SUPERIOR COURT OF NEW JERSEY APPELLATE DIVISION


July 16, 2010

SADHNA SHARMA, AN INDIVIDUAL, AND SHUBH SHARMA, HER HUSBAND, PER QUOD, PLAINTIFFS-APPELLANTS/CROSS-RESPONDENTS,
v.
PHILLIP J. BAZSIKA, AN INDIVIDUAL, DEFENDANT, AND ROBERT S. HILL, AN INDIVIDUAL; QUAIL RIDGE ASSOCIATES 8, A BUSINESS ENTITY; QUAIL RIDGE ASSOCIATES 9, A BUSINESS ENTITY; AND QUAIL RIDGE ASSOCIATES 10, A BUSINESS ENTITY, DEFENDANTS-RESPONDENTS/CROSS-APPELLANTS.

On appeal from Superior Court of New Jersey, Law Division, Middlesex County, Docket No. L-0141-05.

Per curiam.

NOT FOR PUBLICATION WITHOUT THE APPROVAL OF THE APPELLATE DIVISION

Submitted January 5, 2010

Before Judges Fuentes, Gilroy and Simonelli.

In this civil action, plaintiff Sadhna Sharma*fn1 appeals from a jury verdict finding defendants Robert Hill and Quail Ridge Associates (QRA) not liable. We affirm.

On November 29, 2004, plaintiff was driving her car on Dey Road in Plainsboro when she collided head-on with a car coming from the opposite direction driven by Phillip Bazsika. Shortly before the accident, Hill, a maintenance worker employed by QRA, saw Bazsika pull into the parking lot of the company's management offices. According to Hill, Bazsika drove in a reckless manner through an intersection and into the parking lot. Hill assumed that Bazsika was one of a group of disgruntled tenants being evicted that day and attributed his behavior to his displeasure over the situation.

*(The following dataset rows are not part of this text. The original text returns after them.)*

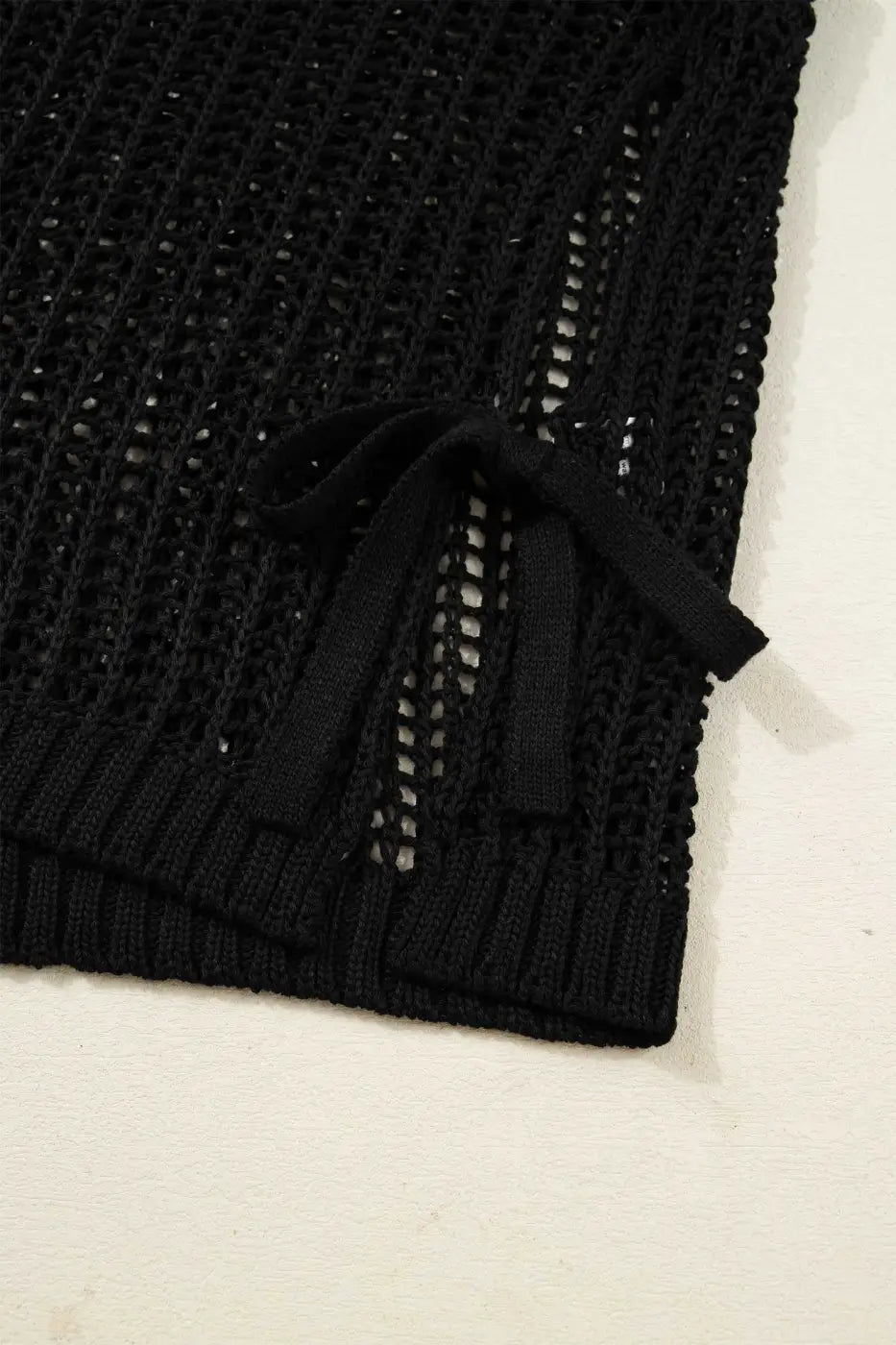Close-up of black Plus Size Bow Tie Open‑Knit Jumper for Women showing detailed bow tie and breathable knit fabric.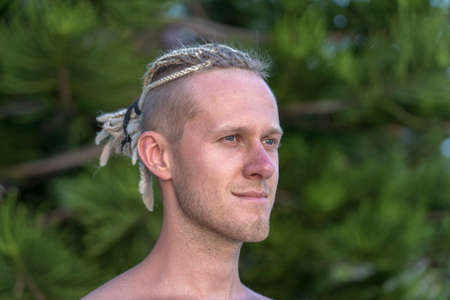 Portrait of a young guy with dreadlocks on his head in nature. Happy handsome man with dreadlocks on the tropical beach, close upの写真素材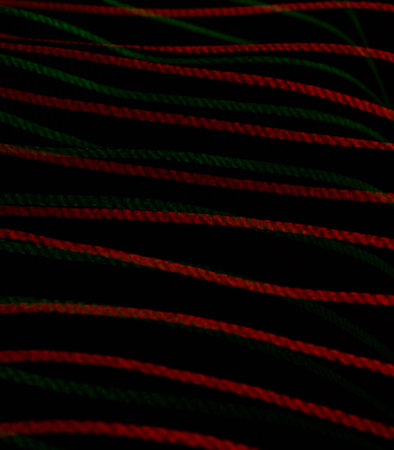Red and green lines on a black background. Abstract background for design.の素材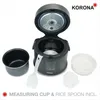 A rice cooker and its accessories are displayed on a white background. The rice cooker lid is open, revealing the inside. Several accessories, including a measuring cup, rice spoon, and steamer basket, are arranged around the cooker. Anteprima dell’immagine prodotto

Several minutes later, as he drove on Dey Road, Hill saw Bazsika driving at a high rate of speed; this time, Bazsika swerved to the right shoulder of the road, then swerved left into the lane of oncoming traffic, and struck plaintiff's car head-on. Hill was able to contact the police using a handheld radio he carried to communicate with his co-workers at the management office.

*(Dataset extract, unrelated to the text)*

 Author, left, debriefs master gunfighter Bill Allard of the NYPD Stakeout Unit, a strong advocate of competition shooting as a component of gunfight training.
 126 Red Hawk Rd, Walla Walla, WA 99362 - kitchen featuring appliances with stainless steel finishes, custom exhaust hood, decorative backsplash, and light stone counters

In addition to Bazsika, plaintiff sued Hill and QRA.*fn2

Plaintiff argued that Hill owed her a duty to notify the police when he first saw Bazsika driving erratically in the QRA parking lot minutes before the accident. As to QRA, plaintiff argued it was vicariously liable for its employee's failure to act.

Citing Davis v. Pecorino, 69 N.J. 1, 4 (1975), plaintiff maintains that just as commercial property owners owe a duty of care to pedestrians walking on sidewalks abutting their property, QRA has a duty to passing motorists to prevent negligent drivers from using a public roadway abutting the company's property. Stated differently, plaintiff argues that QRA made "special use" of the section of Dey Road that partly services its property.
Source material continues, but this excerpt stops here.